Reply. We thank the authors of letters to the editor plus those who have contacted us directly via e-mail for their interest in our study and for their comments on the article that appeared in GASTROENTEROLOGY. The design of our study had, from the outset, incorporated statistical issues raised in the letters. The criticism of the one-tailed test is valid. However, the sample size calculations were based on the assumption that early detection of recurrent or metastatic lesions would result in earlier treatment and therefore a higher survival rate. At the time we commenced the study, this view was reasonable, and so a one-tailed test was assumed in the sample size calculation. As shown by Virgo et al., adequate power was still obtained with this sample size even if a two-tailed log rank test was assumed. The main finding of this study was that the follow-up schedule made no difference in overall survival. The subsidiary analysis carried out for the rectal cancers is indeed hampered by insufficient power. The site-specific analyses were carried out to establish whether there were any inconsistencies between the overall and site-specific analyses, which was established for the colon site-specific analysis. In the rectal specific analysis, the univariate odds ratio for schedule was found to be 0.56 with an associated 95% confidence interval of 0.25–1.26. This is inconclusive but consistent with the null hypothesis of no effect of schedule. As an aside, the actual number of withdrawals was proportional to the number of patients in each group, rather than evenly distributed between the groups as assumed by Virgo et al.

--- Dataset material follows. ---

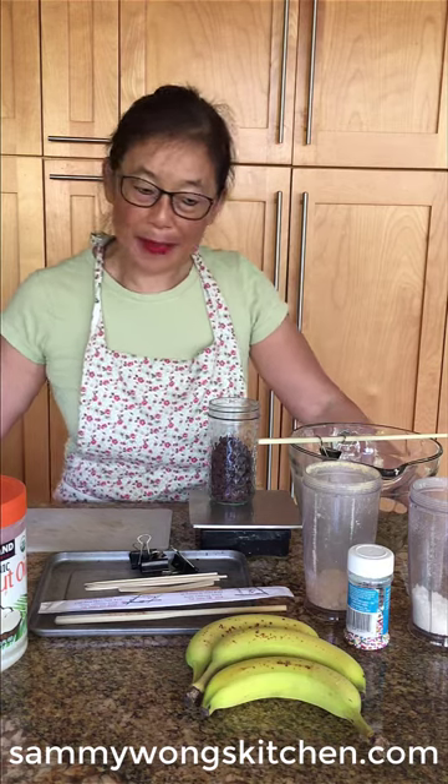Hello again, this is Michelle Sam from Sammy Wong's Kitchen. Today it's going to be 95 degrees, so we are going bananas — we're going to be making banana popsicles.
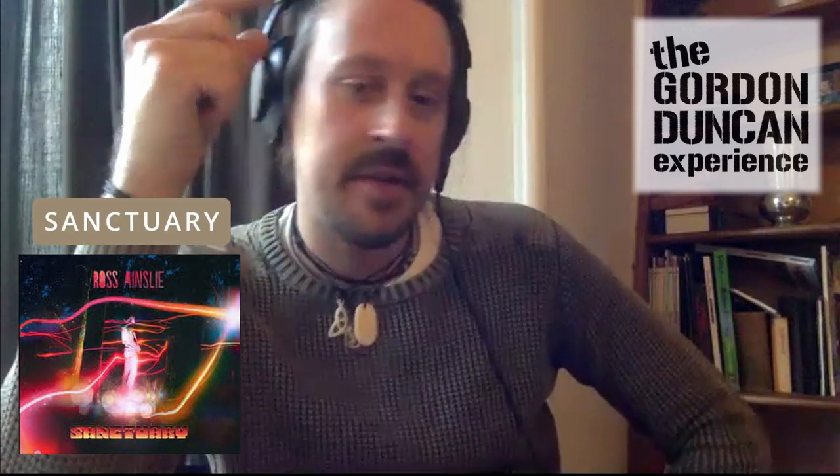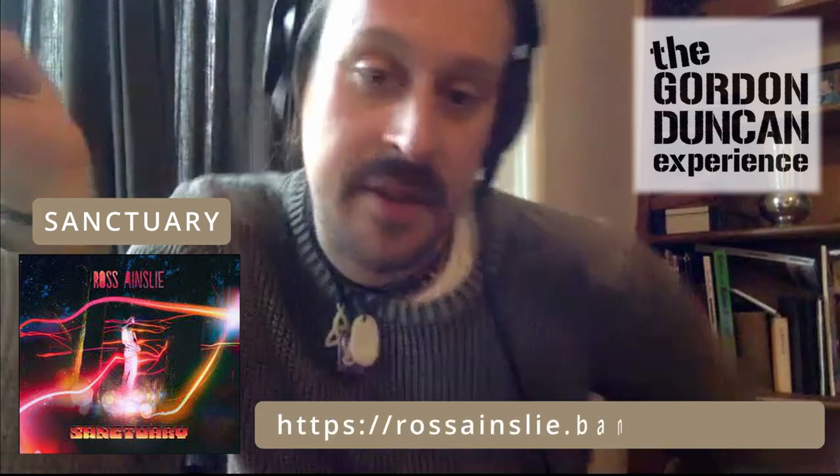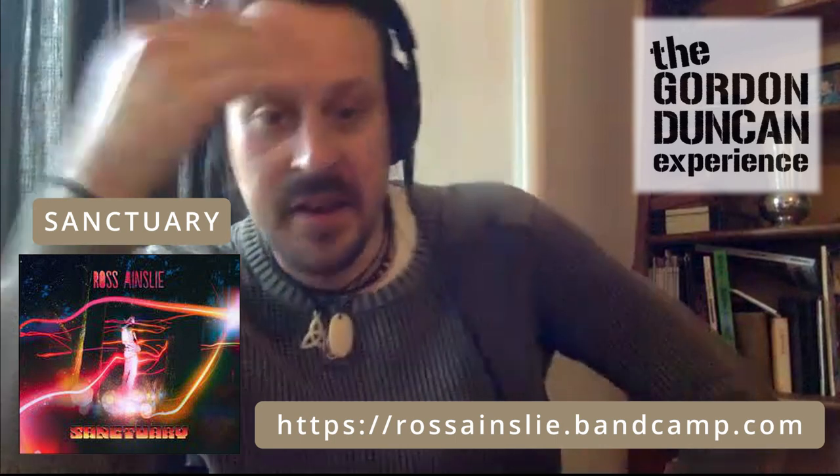I'm going to take a track off an album called Sanctuary that I did in 2017 — the first track. If people want to have a listen to that, they can at least hear how it is as a finished article, and then I've got the guide tracks that I'd work on at home, so I can show them the process of getting things together, recording, and piecing together an arrangement. I'm looking more at composing but also arranging — trying to think of the music as a whole piece.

There were 11 withdrawals among the colon cancer patients and 7 withdrawals among the rectal cancer patients. Of these 7 withdrawals, 2 were from the standard schedule and 5 from the intensive arm of the trial. One further issue regarding the deaths in the two arms of the study relates to cause of death. In the standard follow-up group of patients, there were 16 cancer-related deaths, whereas in the intensive arm only 4. This difference contributed to the nonsignificant trend illustrated in Figure 1 of the article. The question of surgical technique and superior skills was raised. We find this a difficult criticism to address, other than to say that all of the surgery was performed or supervised by senior consultants working in university teaching hospitals. We would be fascinated to learn how one standardizes for superior surgical skills!